The Iowa State Test and Evaluation Services is a relatively unknown service on campus, and it’s set up primarily to serve ISU professors.

Dorothy Lewis, associate director of the Computation Center, has worked at Test and Evaluation Services since 1977, but she said the service was in existence 15 years before then.

“The current system used was installed in 1979,” Lewis said.

Test and Evaluation Services provides “three basic services,” Lewis said.

The first is standard test scoring for the faculty. The center also does “analyses showing the student scores and statistics of exams as a whole and student evaluations at the end of a semester,” she said.

“Students score and rate their instructors on various aspects of their teaching,” Lewis said.

John Schafer, professor of agronomy, uses Test and Evaluation Services frequently for grading multiple-choice tests.

“When you’ve got a big class, it’s much more difficult to fairly evaluate short-answer discussion essays,” he said.

Lewis said the center also provides professors with sample tests. “The item banking portion of that is where we keep test questions on file and make sample tests [for professors],” she said.

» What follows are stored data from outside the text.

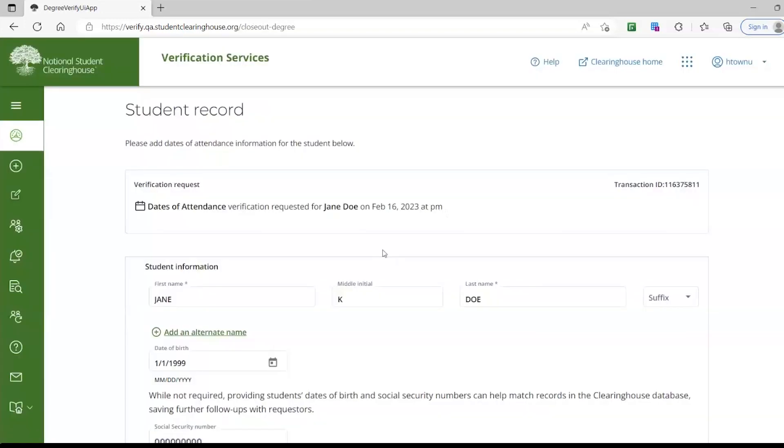This will bring you to the Student Record page. This page is again broken down into different sections. We will start with Student Information. This information is pre-populated based off what the requester provided.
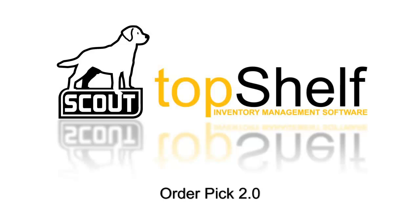Hi, this is Brian Gilman with Scout Support. In today's video we're going to give you an overview of how the new OrderPick screen works on your TopShelf mobile device.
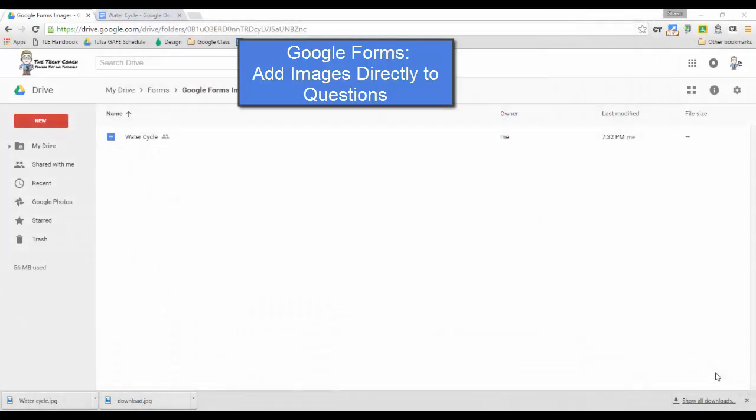Hi everybody and thanks for joining me for this video on Google Forms. Today Google just released an update to Google Forms that allows teachers to add images to Google Forms questions.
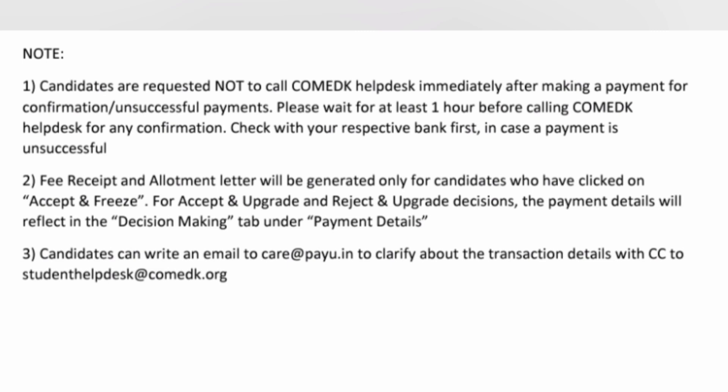Fee receipt and allotment letter will be generated only for candidates who have clicked Accept and Freeze. Only for this category will fee receipt and allotment letter be provided, as they will take these to the college where they are going to report. For Accept and Upgrade and Reject and Upgrade students, payment details will be available in the Decision tab, but they will not get a fee receipt or allotment letter at this point — only after the second or third round when their seat is finalized will the fee receipt and allotment letter be generated, after which they can report to college.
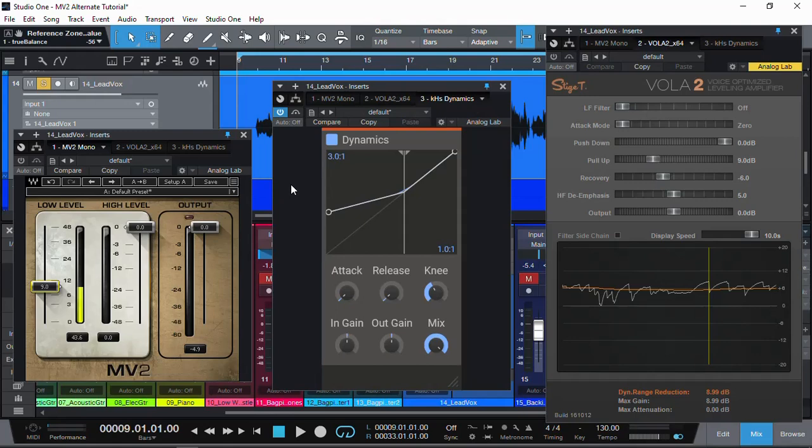Let me know in the comments which one you prefer — MV2, Vola 2, or Kilohertz Dynamics using upward compression. I hope this video was informative and educational. If it was, make sure you give me a thumbs up, and as always thanks for watching, have a great time making music, and I'll catch you in the next one — cheerio!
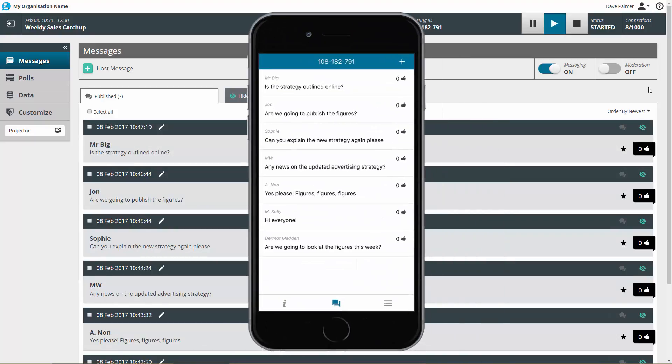Participants can like a message by using the thumbs up button. It's a great way for you to gauge opinions and get a feel for what's hot.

Lewis said some professors pick questions out specifically, while other professors let the computers randomly pick out questions.

“We have two sets of questions, question banks, each with over 3,000 questions in them,” Schafer said.

“Since all the questions are categorized, this allows us, especially with multi-section courses, to ensure that each section has the same number of questions over each section and has the same types of questions.”

Lewis said Test and Evaluation Services also keeps student records.

Schafer said he always uses bubble sheets in introductory courses.

“When you get 200 students answering a question and grading an essay, it’s terribly difficult to grade them on the same standard,” he said.

Schafer said the content of the course he is teaching will affect the kind of test he gives. When teaching basic science courses, Schafer said he uses bubble sheets.

“But when I want the students to exercise judgment or make comparisons, then I want a different kind of question,” he said.

Schafer said the agronomy department works closely with Test and Evaluation Services.

“In several cases over the last 25 to 30 years, when they design something new, they experiment with us,” he said.

Lewis said Test and Evaluation Services are busiest during finals week.

“There is probably an excess of 30,000 sheets coming through that week,” she said.